Eastern Exorcist is difficult but it’s also fair and very beautiful, which makes it easy to forgive and keep coming back to, however many times you die. The game’s story is based on Chinese Opera and focuses on your character and his brothers-in-arms, exorcists on a mission to find the King Mandrill, an evil tyrant who thinks nothing of attacking villages and stealing souls. Unfortunately, as you’re distracted by an evil spirit your brothers are attacked and you come back to find them massacred. It’s a well told adventure that suffers a little from the current translation as the story is told in English subtitles with Chinese voice artists. The developers have said that a better translation is coming, though, and the game is still in Early Access.
The biggest element of the game is combat.

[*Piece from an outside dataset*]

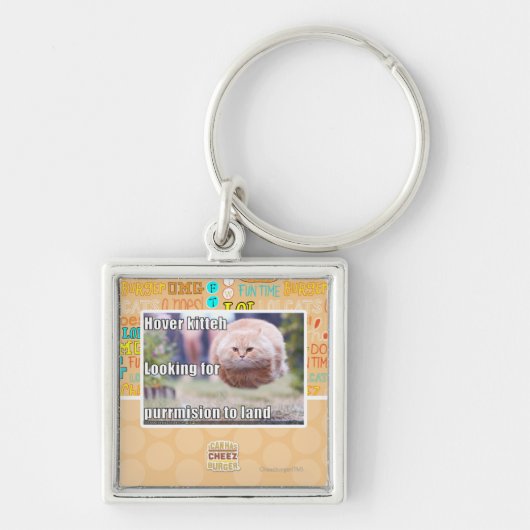 Hover kitteh sleutelhanger (Voorkant)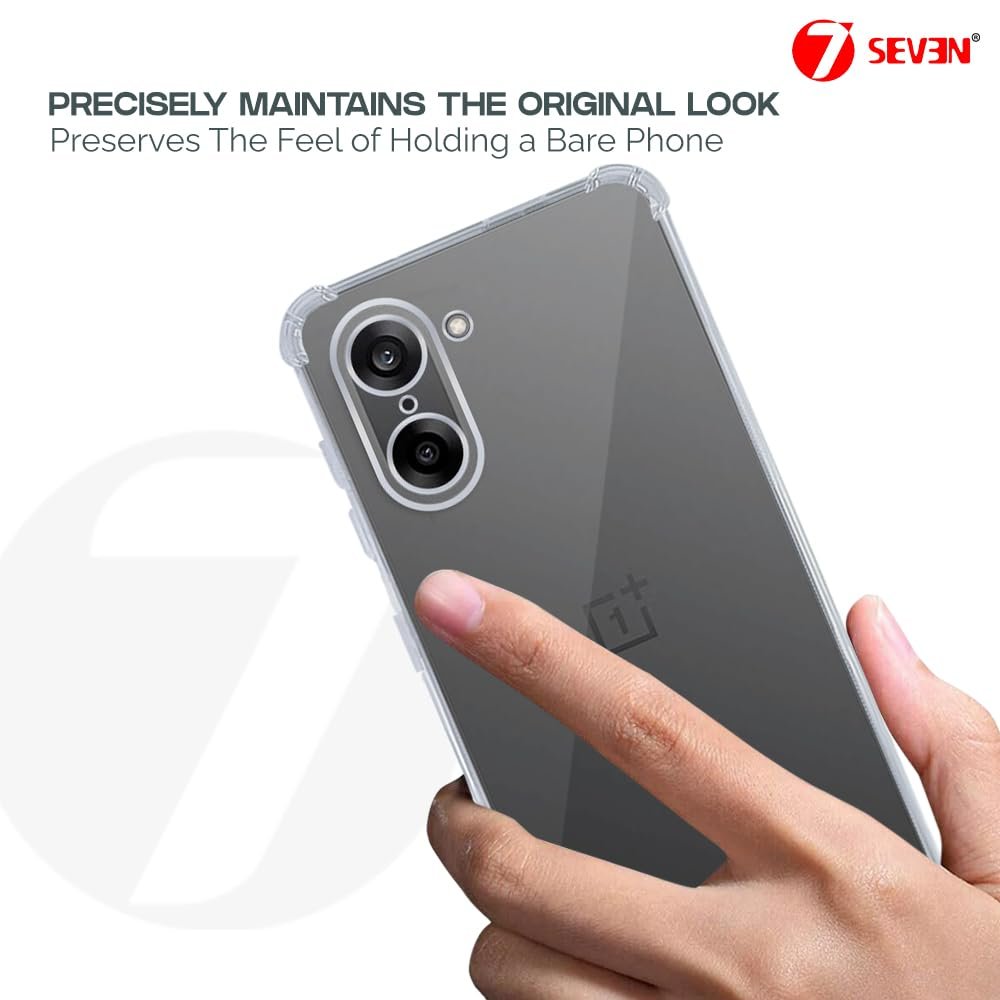 7SEVEN® Back Cover for OnePlus Nord CE5 5G Transparent Mobile Back Case Shock Proof Design Camera Edges Protection Crystal Clear 1+ Phone Case Silicon Soft TPU and Flexible Bumper Phone Cover - Image 7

There are light RPG elements involved for magic but combat is all important and you’ll need that patience and mastery of your moves in order to defeat the many boss creatures that stand in your way on your road to vengeance against your brothers. An easy difficulty is available for those who find it a little too much but it feels like cheating when the game gives you a decent chance to learn and adapt anyway. Action is fluid and there are plenty of different enemies to fight, though the combat does become repetitive after you get half way unless you’re fighting a boss.

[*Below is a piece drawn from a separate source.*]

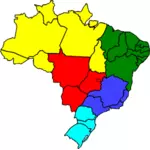 브라질 벡터 이미지의 컬러 지도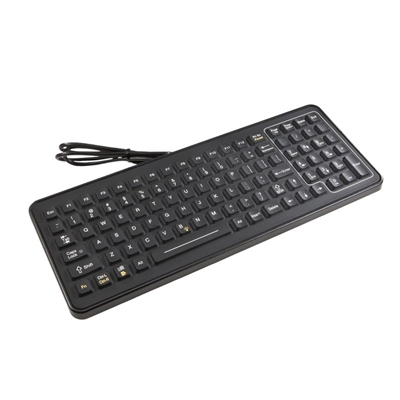 Windows Laptop Style 95 key rugged keyboard with integrated 2 button mouse, USB Interface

The upgrading process takes two strands; your general health, strength and stamina can be increased along with choosing a path for your exorcist powers to follow which determines the type of magic attacks you can possess. It’s nowhere are complicated as many other games but still a nice touch and something to make your character feel a little unique.
Artwork is very impressive and it sets the game apart from other side-scrollers. The Chinese ink styling fits the story and settings perfectly and the action moves fluidly, so it feels like a painting come to life at times, especially with the more impressive screen-filling boss characters.
While it has a lot to recommend, Eastern Exorcist isn’t without its faults. The English translation aside, the game is only about 6-7 hours long and has little replay value at present. The upgrade tree is fairly simple for those spoilt by other games with more choice over character upgrades, too, though it does fit the game as it feels a pretty linear package in general.
If you fancy playing through a traditional Chinese style story with excellent artwork and challenging fights then Eastern Exorcist has you sorted. Just be prepared to die a lot in the process.